Kateri Tekakwitha and Marianne Cope make five saints for our area


Several hundred people left Syracuse and Albany on Tuesday with Bishops Cunningham and Hubbard to make a pilgrimage to Italy where two local women are set to become saints this weekend, bringing the total number of saints from the Mohawk Valley to five.

North America claims ten saints in the Roman Catholic Church, and on Sunday, that number goes up with the addition of Mother Marianne Cope and Katari Tekakwitha.
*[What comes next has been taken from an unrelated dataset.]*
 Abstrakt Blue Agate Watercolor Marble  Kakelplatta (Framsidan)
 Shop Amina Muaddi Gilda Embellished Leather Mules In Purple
Tekakwitha will make a total of four saints from the Albany Diocese, joining three Jesuit missionaries who were killed by Mohawk Indians in the 1600s.

It's an impressive lineup and a rare occurrence for any one area.

"I don't know of another place in the United States where there are four canonized saints," said Bishop Howard J. Hubbard of the Albany Diocese of the Roman Catholic Church. "So it's very unusual, plus we have two in the hopper. We have Father Peyton, the head of the Family Rosary Crusade, who started in Albany. His cause is now being presented and Mother Angeline Theresa McCrory, who was a founder of the Carmelite Sisters of the Aged and Affirmed, which operates nursing homes in Albany, Utica and Syracuse. She is being considered for beatification now. She was just declared venerable by our Holy Father this past year."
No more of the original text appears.